Segment Open

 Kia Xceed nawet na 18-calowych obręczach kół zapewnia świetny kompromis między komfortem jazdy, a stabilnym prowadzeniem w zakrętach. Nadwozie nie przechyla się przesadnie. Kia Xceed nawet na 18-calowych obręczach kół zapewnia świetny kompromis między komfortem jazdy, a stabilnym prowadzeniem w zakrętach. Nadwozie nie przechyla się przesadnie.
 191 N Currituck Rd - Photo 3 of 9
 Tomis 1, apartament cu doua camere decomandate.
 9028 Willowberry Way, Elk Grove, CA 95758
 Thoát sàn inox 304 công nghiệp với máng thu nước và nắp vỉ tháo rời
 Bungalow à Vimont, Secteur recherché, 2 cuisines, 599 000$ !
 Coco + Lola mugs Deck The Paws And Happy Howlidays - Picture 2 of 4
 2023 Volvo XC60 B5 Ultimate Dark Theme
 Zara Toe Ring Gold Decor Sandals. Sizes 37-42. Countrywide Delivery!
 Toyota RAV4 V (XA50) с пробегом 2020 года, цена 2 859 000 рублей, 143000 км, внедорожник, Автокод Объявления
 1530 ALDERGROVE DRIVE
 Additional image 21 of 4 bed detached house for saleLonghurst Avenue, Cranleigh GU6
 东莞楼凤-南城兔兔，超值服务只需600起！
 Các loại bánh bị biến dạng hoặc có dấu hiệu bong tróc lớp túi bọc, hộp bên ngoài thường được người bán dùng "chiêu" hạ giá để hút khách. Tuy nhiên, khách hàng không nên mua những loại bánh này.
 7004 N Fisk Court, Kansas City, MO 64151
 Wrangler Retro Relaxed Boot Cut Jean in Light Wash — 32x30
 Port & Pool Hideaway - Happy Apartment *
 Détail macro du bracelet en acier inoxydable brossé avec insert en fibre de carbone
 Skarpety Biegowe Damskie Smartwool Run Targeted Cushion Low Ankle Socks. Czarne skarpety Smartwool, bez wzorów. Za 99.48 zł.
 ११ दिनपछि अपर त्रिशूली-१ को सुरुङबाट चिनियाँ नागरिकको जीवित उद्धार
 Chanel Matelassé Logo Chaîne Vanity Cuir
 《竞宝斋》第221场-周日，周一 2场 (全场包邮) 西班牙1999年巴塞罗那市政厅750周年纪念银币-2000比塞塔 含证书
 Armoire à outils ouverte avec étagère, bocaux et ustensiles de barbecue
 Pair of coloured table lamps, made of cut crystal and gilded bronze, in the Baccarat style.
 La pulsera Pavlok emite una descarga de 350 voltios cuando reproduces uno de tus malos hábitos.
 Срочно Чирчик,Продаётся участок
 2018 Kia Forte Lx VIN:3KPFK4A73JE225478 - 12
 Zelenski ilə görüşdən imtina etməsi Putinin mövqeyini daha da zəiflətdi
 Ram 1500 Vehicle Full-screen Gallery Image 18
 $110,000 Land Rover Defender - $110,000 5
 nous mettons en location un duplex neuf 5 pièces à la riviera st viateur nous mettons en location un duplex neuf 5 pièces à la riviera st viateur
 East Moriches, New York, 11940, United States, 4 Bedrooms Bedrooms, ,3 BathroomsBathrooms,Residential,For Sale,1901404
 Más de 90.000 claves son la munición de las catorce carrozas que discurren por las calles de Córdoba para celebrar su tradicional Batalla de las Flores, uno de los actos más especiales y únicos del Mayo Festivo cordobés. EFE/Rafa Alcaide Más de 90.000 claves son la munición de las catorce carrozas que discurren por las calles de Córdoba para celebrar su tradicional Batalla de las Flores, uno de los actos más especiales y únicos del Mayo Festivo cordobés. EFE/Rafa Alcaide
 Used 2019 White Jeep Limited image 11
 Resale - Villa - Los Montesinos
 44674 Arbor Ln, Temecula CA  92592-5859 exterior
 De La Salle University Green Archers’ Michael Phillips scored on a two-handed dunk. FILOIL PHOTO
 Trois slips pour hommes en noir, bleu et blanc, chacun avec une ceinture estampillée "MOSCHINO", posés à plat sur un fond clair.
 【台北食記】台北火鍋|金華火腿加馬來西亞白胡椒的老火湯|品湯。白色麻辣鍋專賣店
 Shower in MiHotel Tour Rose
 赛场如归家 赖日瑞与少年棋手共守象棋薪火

Segment Closed

> [Try it] Nothing is to be left out when the listing is copied, and every line must match exactly.

> [Completed exercise]
 Kia Xceed nawet na 18-calowych obręczach kół zapewnia świetny kompromis między komfortem jazdy, a stabilnym prowadzeniem w zakrętach. Nadwozie nie przechyla się przesadnie. Kia Xceed nawet na 18-calowych obręczach kół zapewnia świetny kompromis między komfortem jazdy, a stabilnym prowadzeniem w zakrętach. Nadwozie nie przechyla się przesadnie.
 191 N Currituck Rd - Photo 3 of 9
 Tomis 1, apartament cu doua camere decomandate.
 9028 Willowberry Way, Elk Grove, CA 95758
 Thoát sàn inox 304 công nghiệp với máng thu nước và nắp vỉ tháo rời
 Bungalow à Vimont, Secteur recherché, 2 cuisines, 599 000$ !
 Coco + Lola mugs Deck The Paws And Happy Howlidays - Picture 2 of 4
 2023 Volvo XC60 B5 Ultimate Dark Theme
 Zara Toe Ring Gold Decor Sandals. Sizes 37-42. Countrywide Delivery!
 Toyota RAV4 V (XA50) с пробегом 2020 года, цена 2 859 000 рублей, 143000 км, внедорожник, Автокод Объявления
 1530 ALDERGROVE DRIVE
 Additional image 21 of 4 bed detached house for saleLonghurst Avenue, Cranleigh GU6
 东莞楼凤-南城兔兔，超值服务只需600起！
 Các loại bánh bị biến dạng hoặc có dấu hiệu bong tróc lớp túi bọc, hộp bên ngoài thường được người bán dùng "chiêu" hạ giá để hút khách. Tuy nhiên, khách hàng không nên mua những loại bánh này.
 7004 N Fisk Court, Kansas City, MO 64151
 Wrangler Retro Relaxed Boot Cut Jean in Light Wash — 32x30
 Port & Pool Hideaway - Happy Apartment *
 Détail macro du bracelet en acier inoxydable brossé avec insert en fibre de carbone
 Skarpety Biegowe Damskie Smartwool Run Targeted Cushion Low Ankle Socks. Czarne skarpety Smartwool, bez wzorów. Za 99.48 zł.
 ११ दिनपछि अपर त्रिशूली-१ को सुरुङबाट चिनियाँ नागरिकको जीवित उद्धार
 Chanel Matelassé Logo Chaîne Vanity Cuir
 《竞宝斋》第221场-周日，周一 2场 (全场包邮) 西班牙1999年巴塞罗那市政厅750周年纪念银币-2000比塞塔 含证书
 Armoire à outils ouverte avec étagère, bocaux et ustensiles de barbecue
 Pair of coloured table lamps, made of cut crystal and gilded bronze, in the Baccarat style.
 La pulsera Pavlok emite una descarga de 350 voltios cuando reproduces uno de tus malos hábitos.
 Срочно Чирчик,Продаётся участок
 2018 Kia Forte Lx VIN:3KPFK4A73JE225478 - 12
 Zelenski ilə görüşdən imtina etməsi Putinin mövqeyini daha da zəiflətdi
 Ram 1500 Vehicle Full-screen Gallery Image 18
 $110,000 Land Rover Defender - $110,000 5
 nous mettons en location un duplex neuf 5 pièces à la riviera st viateur nous mettons en location un duplex neuf 5 pièces à la riviera st viateur
 East Moriches, New York, 11940, United States, 4 Bedrooms Bedrooms, ,3 BathroomsBathrooms,Residential,For Sale,1901404
 Más de 90.000 claves son la munición de las catorce carrozas que discurren por las calles de Córdoba para celebrar su tradicional Batalla de las Flores, uno de los actos más especiales y únicos del Mayo Festivo cordobés. EFE/Rafa Alcaide Más de 90.000 claves son la munición de las catorce carrozas que discurren por las calles de Córdoba para celebrar su tradicional Batalla de las Flores, uno de los actos más especiales y únicos del Mayo Festivo cordobés. EFE/Rafa Alcaide
 Used 2019 White Jeep Limited image 11
 Resale - Villa - Los Montesinos
 44674 Arbor Ln, Temecula CA  92592-5859 exterior
 De La Salle University Green Archers’ Michael Phillips scored on a two-handed dunk. FILOIL PHOTO
 Trois slips pour hommes en noir, bleu et blanc, chacun avec une ceinture estampillée "MOSCHINO", posés à plat sur un fond clair.
 【台北食記】台北火鍋|金華火腿加馬來西亞白胡椒的老火湯|品湯。白色麻辣鍋專賣店
 Shower in MiHotel Tour Rose
 赛场如归家 赖日瑞与少年棋手共守象棋薪火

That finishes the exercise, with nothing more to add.